Honestly, it seems like he hasn’t made a jump shot in ages. He keeps shooting them, though, against everyone’s will. He’s so explosive driving to the hoop, but it seems like he’s not getting enough legs into his jumper– likely a product of the ridiculous amount of minutes the man has been logging over the past two series. It’s not just the quantity of the minutes, but the quality too. The grueling task of guarding every position on the court and being close to the only reliable offensive option takes a significant toll. (I mean really, there was a possession last night where he guarded Rondo perfectly to start, and then finished the possession locking down Garnett, fronting him like a maniac. The different skill sets he has is ridiculous. How do you stay in front of Rondo and then not move when Garnett tries to plow you over? Again, superhuman.)

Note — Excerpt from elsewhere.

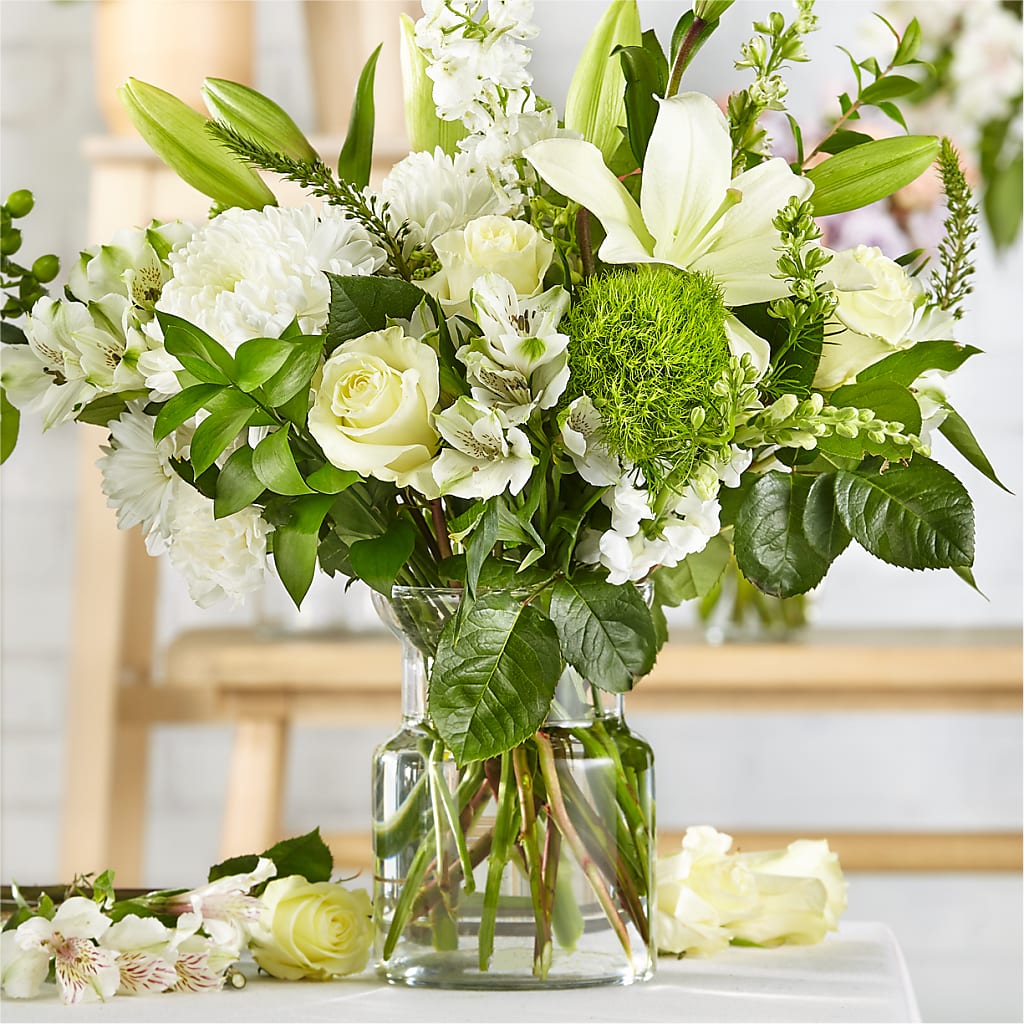 Classic Ivory – A Florist Original – Lynchburg Leo Wood Florist, Lynchburg VA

So by the end of the game, for two straight possessions, either by choice or terrible play design, LeBron stood entrenched in the righthand corner, slouched over with his hands firmly on his knees, watching Dwyane Wade initiate the offense. He would get involved again shortly after that, but the aforementioned image conjured up the unshakable memory of last year’s Finals performance. He’d have 2 nice penetrate and kicks, a missed three, a blocked layup, and a nice finish over Kevin Garnett all before the night was finished, so it wasn’t the same, but it might have been a sign. If the Heat do make it out of the Eastern Conference Finals, and it’s a bigger “if” now than it ever was, will we see the same LeBron James we saw in the NBA Finals last season?
For all the good he’d done that game, for all the life he had single-handedly pumped into the Heat for the first 40-something minutes on both ends of the floor, for all his efforts and brilliance, he will be berated by the media. A failure in the clutch, the definition of a choker in closing time. He has no chance. He’s set up to fail in a way we’ve never seen in sports. He’ll do everything to inspire the utmost confidence, and then rip it all apart by missing a single jumpshot or having one of his layups swatted off the backboard. He’ll get chastised for taking a two possession-long breather, when really, Spoelstra should have had the sense to give him a 2-minute break. He’ll get blamed for every Heat loss, even when the clear signs pointed to something else, which was transition defense last night. He’s blamed for everything, and a good chunk of the time, rewarded for nothing.
We don’t deserve a player like LeBron James. On a night when he struggled to assert his natural dominance, he poured in 30 points and grabbed 13 boards. We don’t care, though, because he missed two shots late and caught some air for a possession or two. He plays at a pace and with a ferocity that is unparalleled in this league. No one goes harder than this guy does, and yet no one is more helpless. He does everything right, but he comes up short, time and time again. This series isn’t over, but if past performance is any indication of future performance, it pretty much is. If James doesn’t get it done this season, the level of disappointment will increase exponentially, the blame will be higher than ever, and the criticism will be intensified like never before. And all for what? For a player that’s done everything humanly possible to keep his team alive while dealing with an injured Chris Bosh and a Dwyane Wade who, for the most part, has forgotten how to play basketball.
LeBron James can’t win. He’ having a difficult time winning games, and he’s having a difficult time winning over the critics. There’s only so much he can do to remedy both situations.